A sales process is defined as a series of repeatable steps that enhances the productivity of a sales force and greatly improves the chance of sales leads becoming a sales opportunities than a customer. Implementing a sales process is one of the first steps in optimizing your sales force and effectively growing your customer base.
The purpose of a sales process is to create repeatable and predictable outcomes from sales interactions, measurable results and uniformity in approach. Implimenting a sales process is a good first step, but to make it effective the sales team must approach each interaction with the process in mind. If a sales team is ignoring the process then there might as well be none at all.

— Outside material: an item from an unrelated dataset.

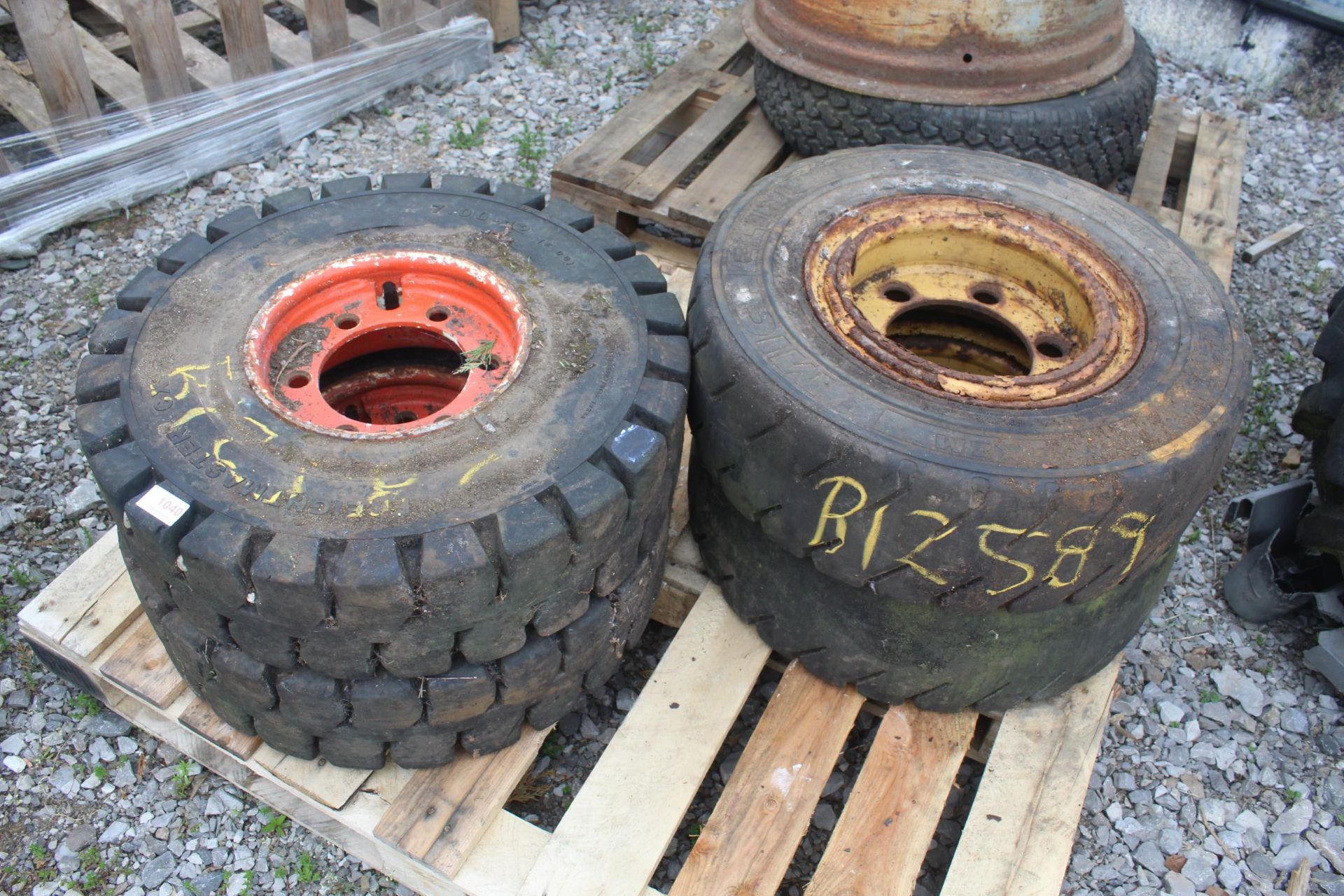 6 WHEELS AND TYRES SKID STEER ETC + VAT - Image 2 of 3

Most sales processes involve these basic main steps: Prospecting, qualifying, proposal, closing and follow-up. Depending on the business, the sales process may vary, but many are a version of the one laid out above.
One of the most important aspects of any sales process is obtaining and identifying promising sales leads. This is as least as important as than closing; after all, there is no sale if there is no lead to work from.
Lead vs opportunity
It is important to understand the difference between leads and opportunities in the sales process.
A lead is a person at a business who is looking to purchase a service or product you offer. A lead is commonly referred to as an “unqualified” sales opportunity. Each business has different qualifications steps or stages which show how likely a person is to make a purchase, or how well of a fit your products/services match the customer’s needs.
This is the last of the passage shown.